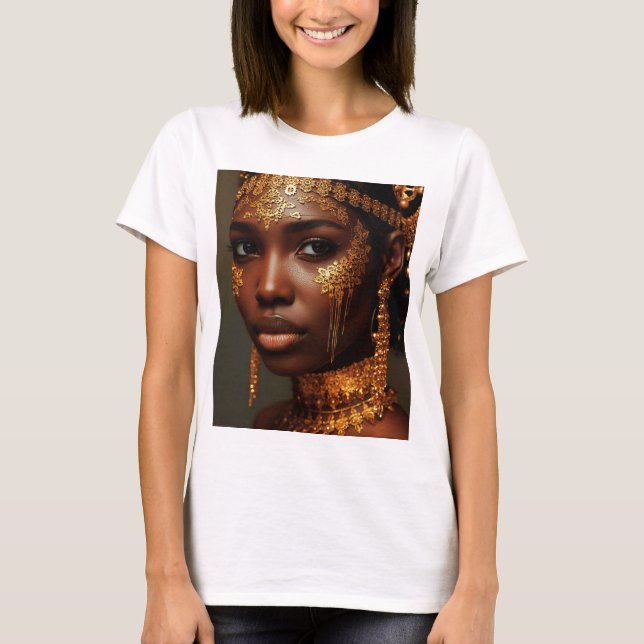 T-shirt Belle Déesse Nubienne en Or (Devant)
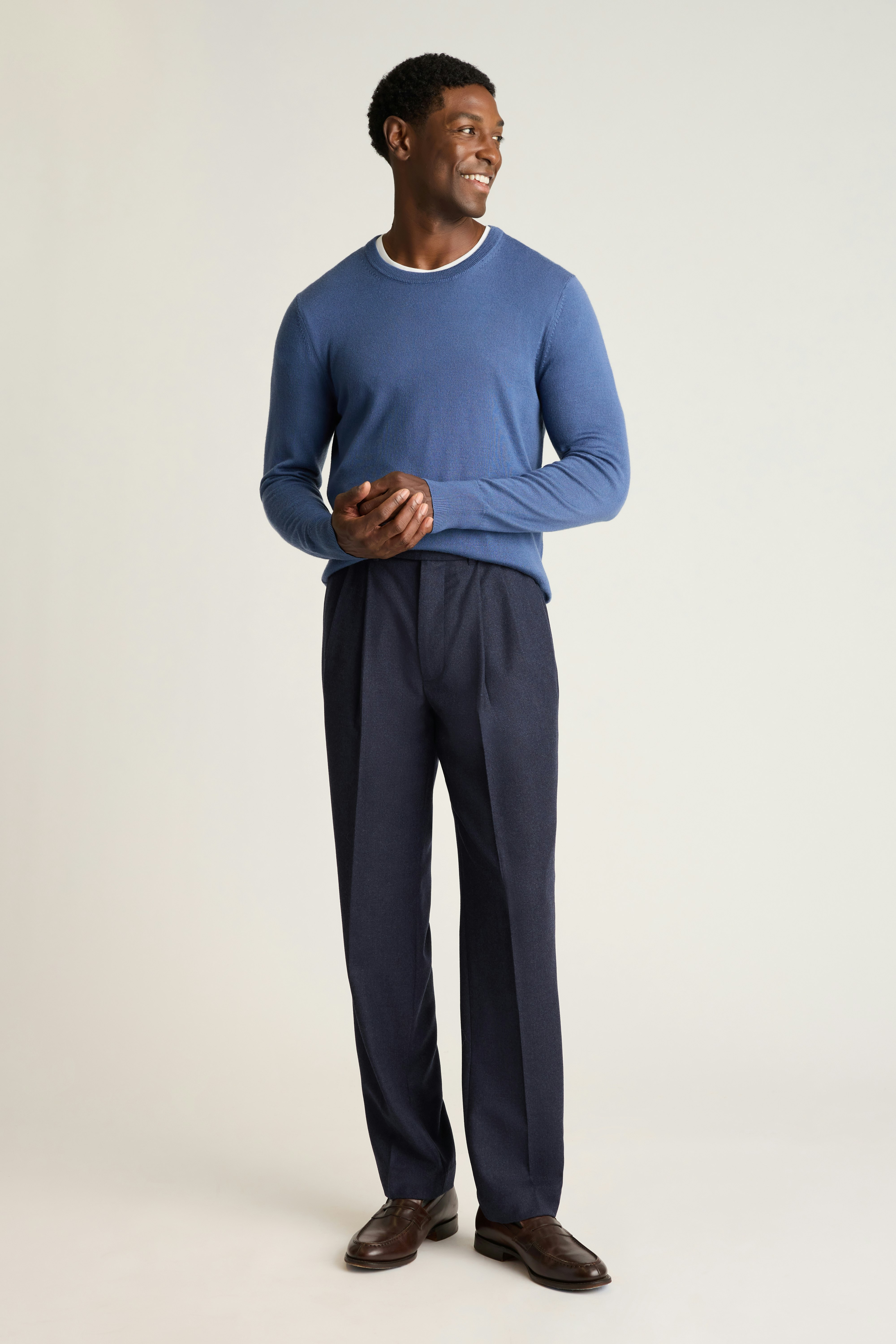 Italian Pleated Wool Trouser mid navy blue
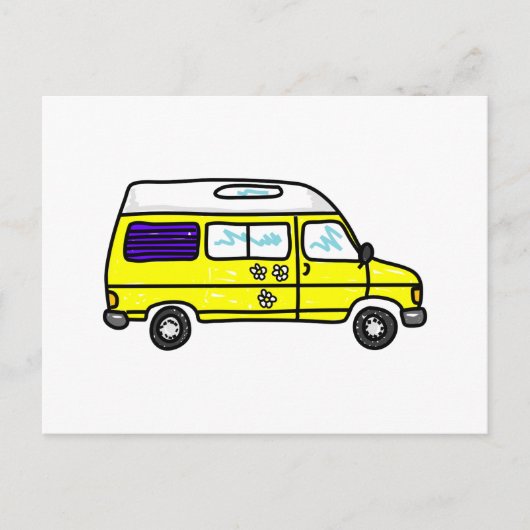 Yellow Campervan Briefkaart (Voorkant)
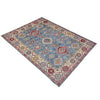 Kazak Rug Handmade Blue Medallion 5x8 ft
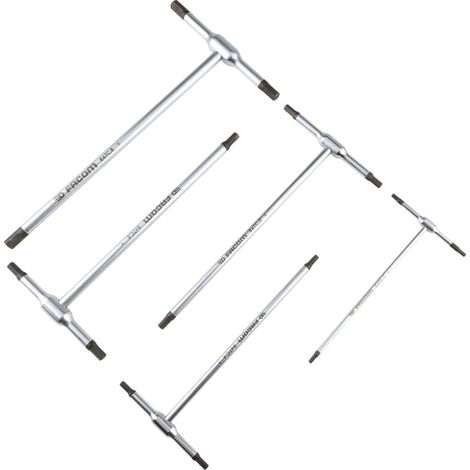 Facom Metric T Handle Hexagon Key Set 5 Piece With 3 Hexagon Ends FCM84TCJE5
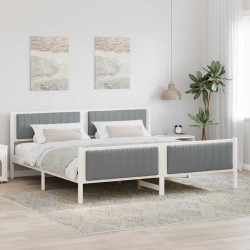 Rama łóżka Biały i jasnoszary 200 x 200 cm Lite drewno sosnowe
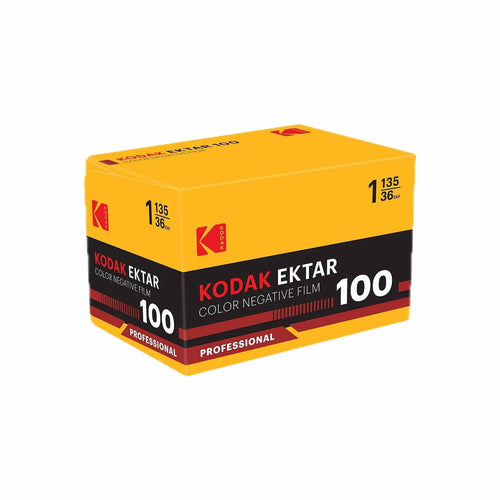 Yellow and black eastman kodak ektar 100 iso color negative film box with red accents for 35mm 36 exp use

+ + + +

▶ **What to work on**:
Copy all of the listing word for word, minus the images.

▶ **Solution to this exercise**:
 T-shirt Belle Déesse Nubienne en Or (Devant)
 Italian Pleated Wool Trouser mid navy blue
 Yellow Campervan Briefkaart (Voorkant)
 Kazak Rug Handmade Blue Medallion 5x8 ft
 Facom Metric T Handle Hexagon Key Set 5 Piece With 3 Hexagon Ends FCM84TCJE5
 Rama łóżka Biały i jasnoszary 200 x 200 cm Lite drewno sosnowe
 Yellow and black eastman kodak ektar 100 iso color negative film box with red accents for 35mm 36 exp use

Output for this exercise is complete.